= 1960s in Bulgaria =

The 1960s in the People's Republic of Bulgaria.

== Incumbents ==

- General Secretary of the Bulgarian Communist Party: Todor Zhivkov (1954–1989)
- Chairman of the Presidium:
  - Dimitar Ganev (1958–1964)
  - Georgi Traykov (1964–1971)
- Prime Minister of Bulgaria:
  - Anton Yugov (1956–1962)
  - Todor Zhivkov (1962–1971)

== Events ==

=== 1960 ===

- June 3–11 – The 1960 European Women's Basketball Championship was held in Sofia. The Soviet Union won the gold medal, Bulgaria won the silver medal, and Czechoslovakia won the bronze medal.
- July 20 – Po sveta i u nas, the flagship Bulgarian news program aired each day on the Bulgarian public television channel BNT 1 and the flagship channel of Bulgarian National Television (BNT), aired its pilot episode.

=== 1961 ===

- The March Music Days, a festival held annually for two weeks in the second half of March in Rousse, Bulgaria, was established.
- The 1961 Summer Universiade (II Summer Universiade), an international sporting event for university students, took place in Sofia.

=== 1962 ===

- 25 February – Parliamentary elections were held in Bulgaria.
- September 15 – October 10 – The 15th Chess Olympiad took place between in Varna.

=== 1963 ===

- September 15 – The St.
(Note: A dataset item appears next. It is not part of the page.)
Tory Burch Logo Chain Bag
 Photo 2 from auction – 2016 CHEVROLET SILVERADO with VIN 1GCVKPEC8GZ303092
Cyril and St. Methodius University of Veliko Tarnovo was established.
- The freestyle competition of the 1963 World Wrestling Championships was held in Sofia.

=== 1964 ===

- Srebyrnite grivni, one of the first rock music groups in Bulgaria, was created in Sofia.
- The A.S. Popov School of Electronics in Veliko Tarnovo was founded.
- HC CSKA Sofia, an ice hockey team from Sofia that currently plays in the Bulgarian Hockey League, was founded.

=== 1965 ===

- Officials in the Bulgarian Communist Party and officers in the Bulgarian People's Army attempted a coup d'état against the party leadership and specifically General-Secretary Todor Zhivkov. However, a counter-intelligence operation discovered these plans before the coup could be carried out.
- The 5th European Women's Artistic Gymnastics Championships were held in Sofia.

=== 1966 ===

- February 27 – Parliamentary elections were held in Bulgaria.
- November 24 – TABSO Flight LZ101, a scheduled service of the Bulgarian national airline from Sofia via Budapest and Prague to East Berlin, crashed near Bratislava. The crash, which killed all 82 passengers and crew on board, remains Slovakia's worst air disaster in history.

=== 1968 ===

- July 28 – The 9th World Festival of Youth and Students was held in Sofia. The festival attracted 20,000 people from 138 countries.
- The Mantaritza Biosphere Reserve was established to protect the old coniferous forests and the biotopes of the Western capercaillie (Tetrao urogalus).

=== 1969 ===

- The Bulgarian drama film Tango, directed by Vasil Mirchev, entered into the 6th Moscow International Film Festival.
- 27 – 29 September – The IV World Rhythmic Gymnastics Championships were held in Varna, Bulgaria.

== Births ==

- 1965
  - Iliya Lazarov, Bulgarian member of the European parliament
- 1967
  - Ivan Tasev, Bulgarian volleyball player.
  - Magarditch Halvadjian, Bulgarian director and producer.